● **Data for the task**:

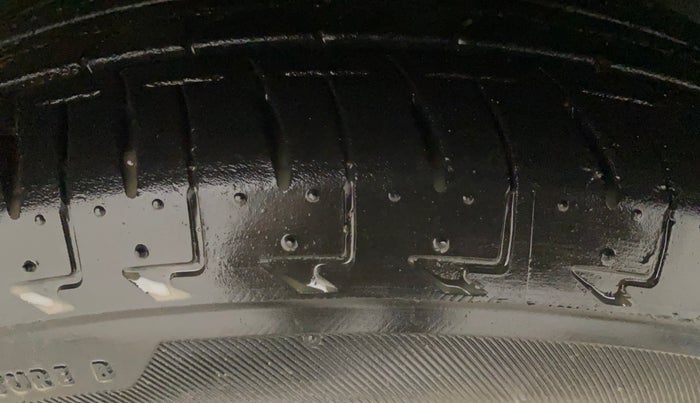 2021 Maruti Celerio ZXI AMT, Petrol, Automatic, 28,416 km, Right Front Tyre Tread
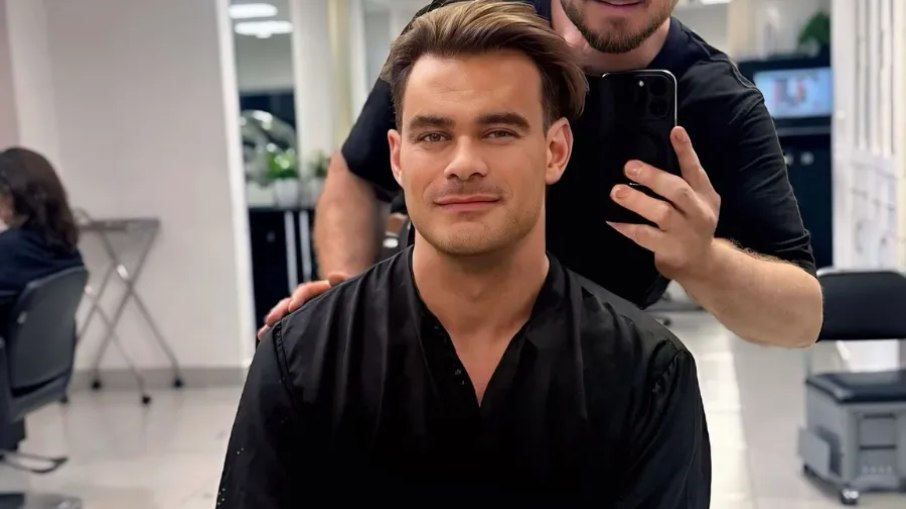 Carmo Dalla Vecchia abandona cabelo platinado e exibe novo visual nas redes Carmo Dalla Vecchia abandona cabelo platinado e exibe novo visual nas redes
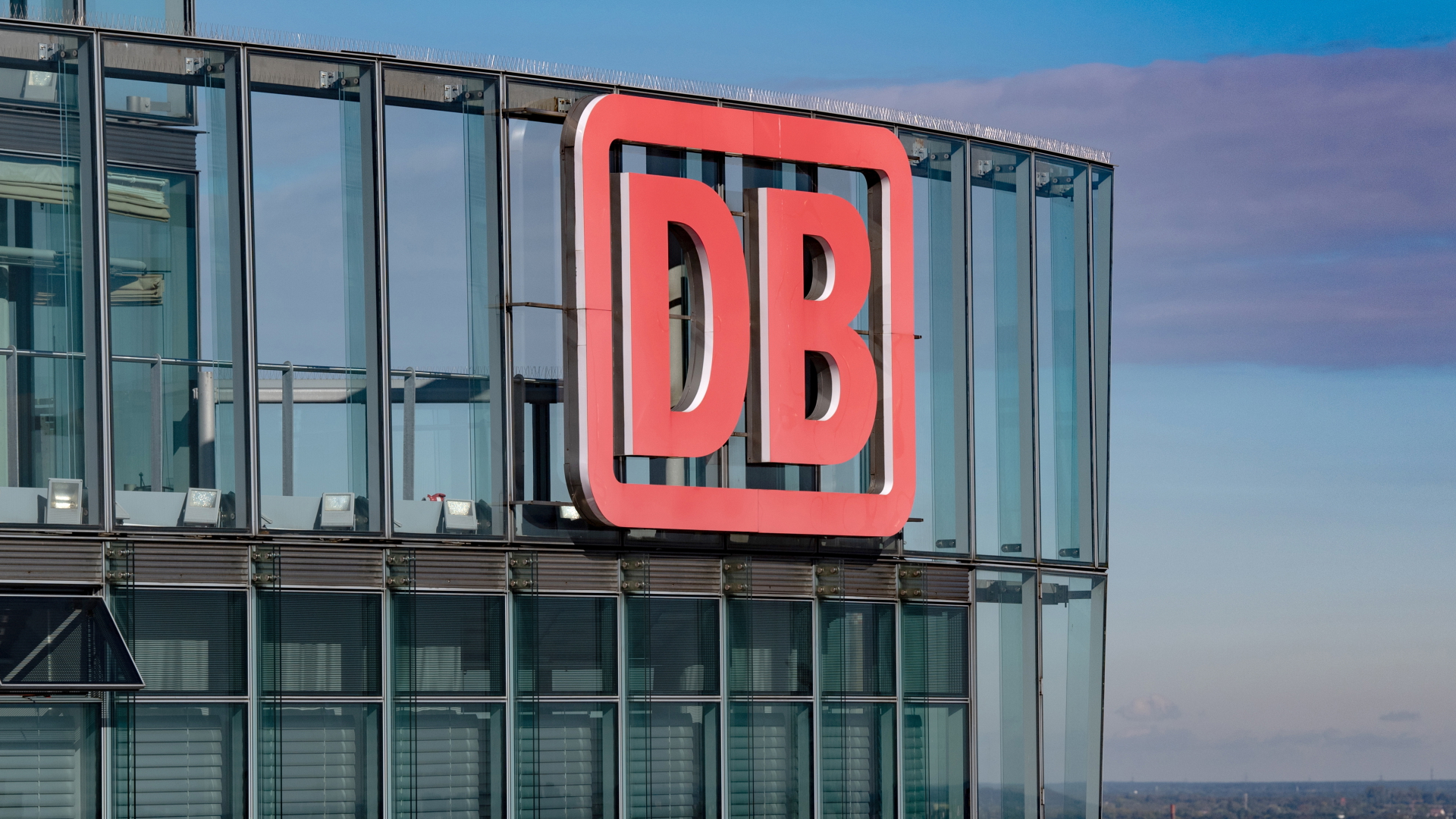 Logo der Deutschen Bahn an einer Glasfassade | dpa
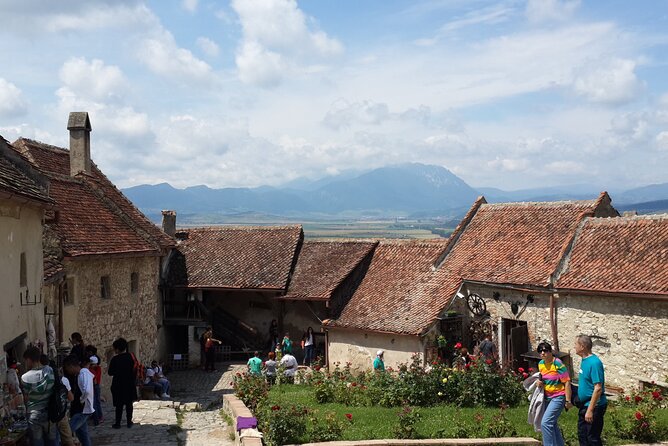 Brasov: Bears Sanctuary, Rasnov Fortress, Bran Castle GUIDED Tour - Guide quality: why names like Bogdan and Mimi matter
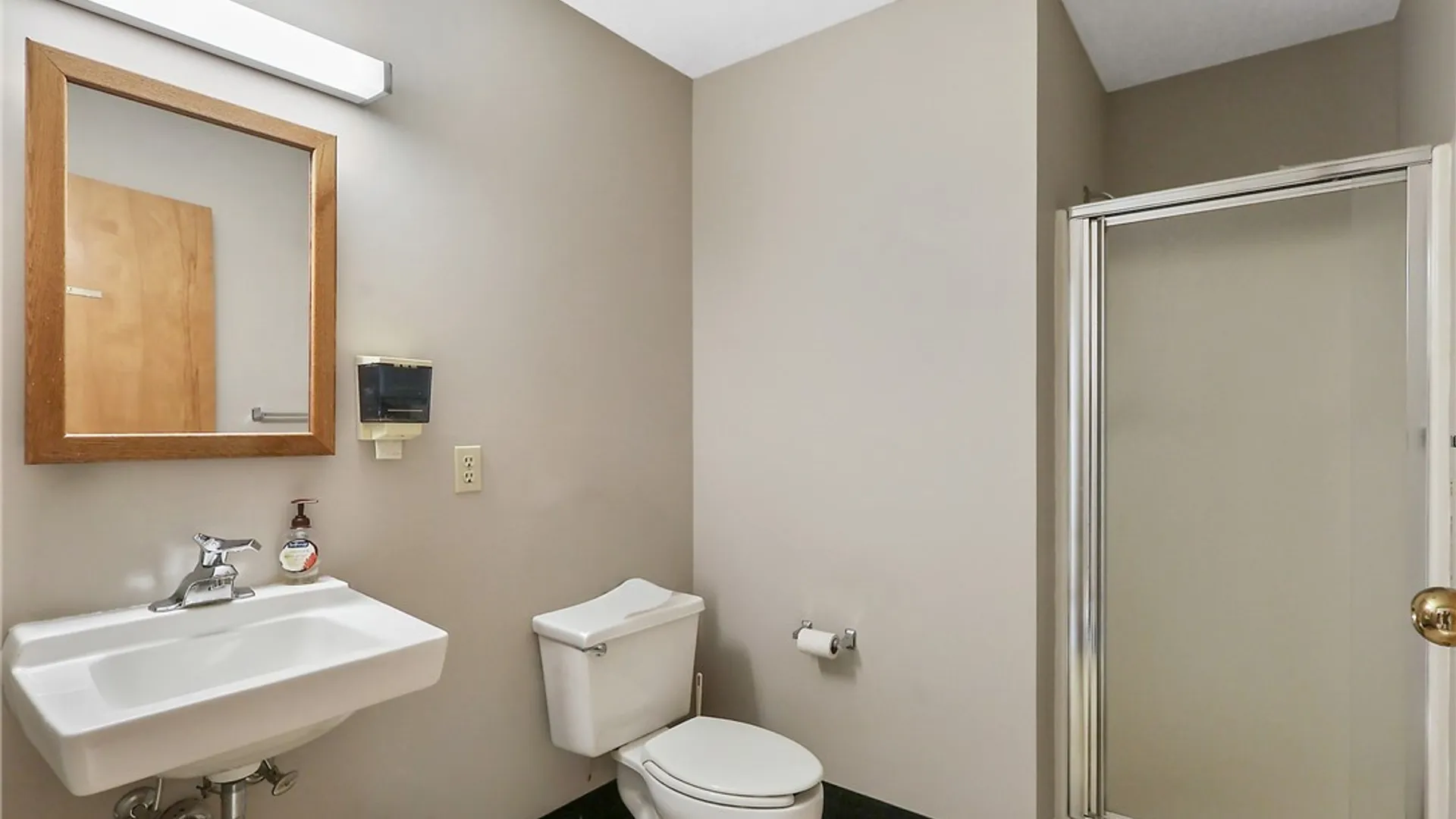 Property at 1120 Corporate Dr. Drive, Auburn, NY 13021 20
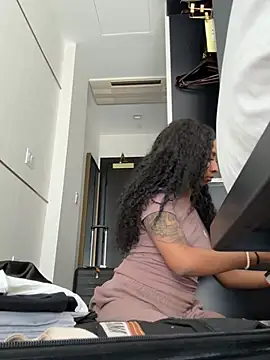 Snapshot of Your_Paris chatting on 02-23-26, 10:07 Your Paris online show from 02-23-26, 10:07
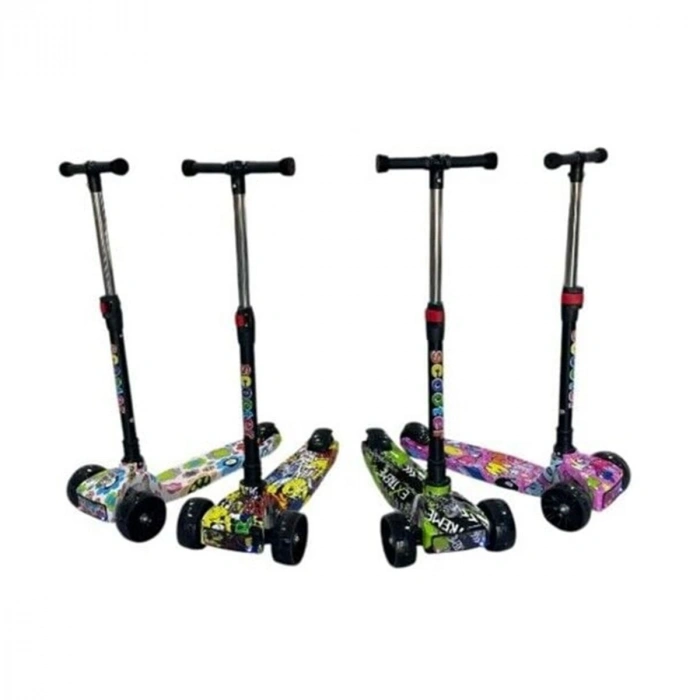 KM505 RENKLİ IŞIKLI SESLİ SCOOTER(Belirtilen fiyat, tekli satış için adet fiyatıdır.)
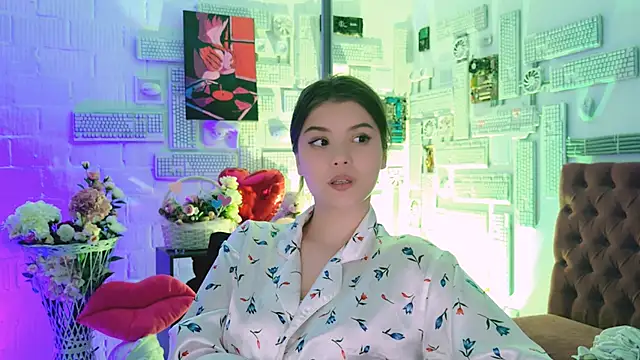 Snapshot of EvaThopson chatting on 02-19-25, 06:54 EvaThopson online show from 02-19-25, 06:54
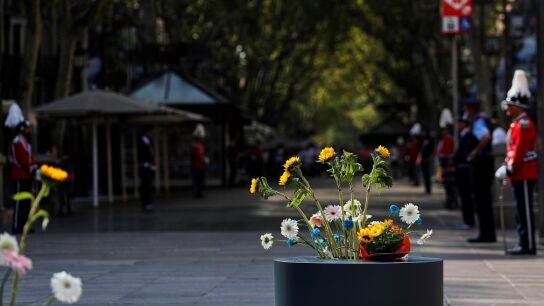 Flores homenajeando a los asesinados en los atentados de Catalu&ntilde;a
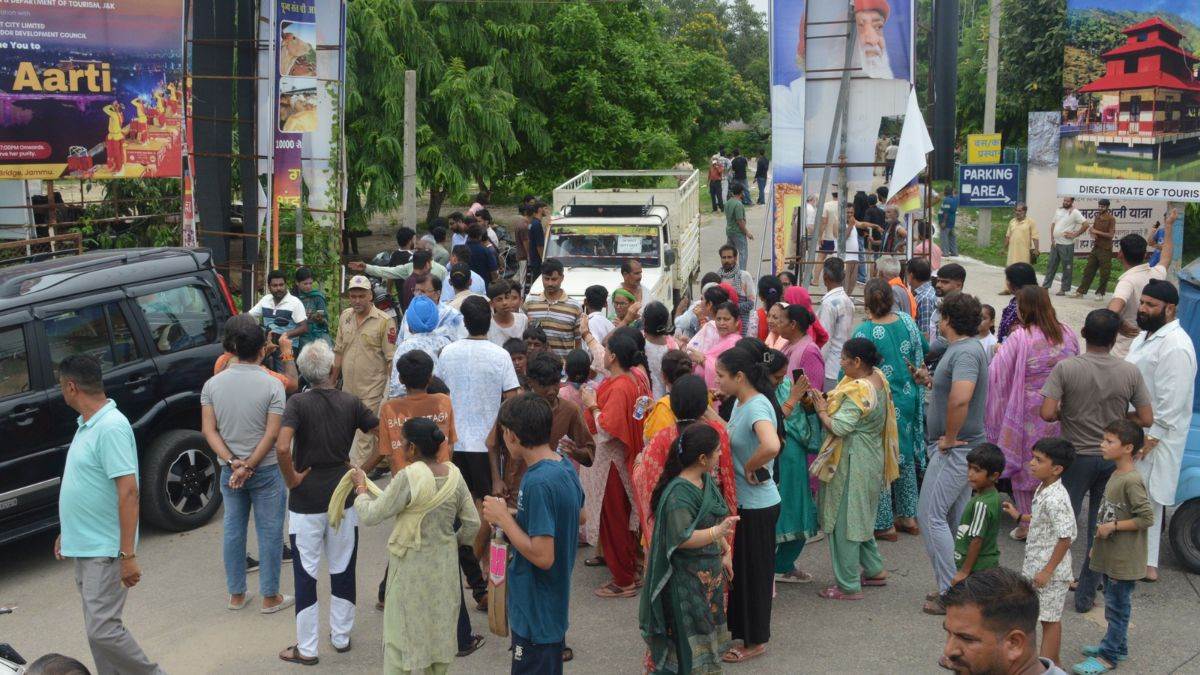 land encroachment removed in jammu jda in action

● **Work instruction**:
Each entry above is to be written out again unchanged, apart from the pictures, which are left out.

● **Final answer**:
 2021 Maruti Celerio ZXI AMT, Petrol, Automatic, 28,416 km, Right Front Tyre Tread
 Carmo Dalla Vecchia abandona cabelo platinado e exibe novo visual nas redes Carmo Dalla Vecchia abandona cabelo platinado e exibe novo visual nas redes
 Logo der Deutschen Bahn an einer Glasfassade | dpa
 Brasov: Bears Sanctuary, Rasnov Fortress, Bran Castle GUIDED Tour - Guide quality: why names like Bogdan and Mimi matter
 Property at 1120 Corporate Dr. Drive, Auburn, NY 13021 20
 Snapshot of Your_Paris chatting on 02-23-26, 10:07 Your Paris online show from 02-23-26, 10:07
 KM505 RENKLİ IŞIKLI SESLİ SCOOTER(Belirtilen fiyat, tekli satış için adet fiyatıdır.)
 Snapshot of EvaThopson chatting on 02-19-25, 06:54 EvaThopson online show from 02-19-25, 06:54
 Flores homenajeando a los asesinados en los atentados de Catalu&ntilde;a
 land encroachment removed in jammu jda in action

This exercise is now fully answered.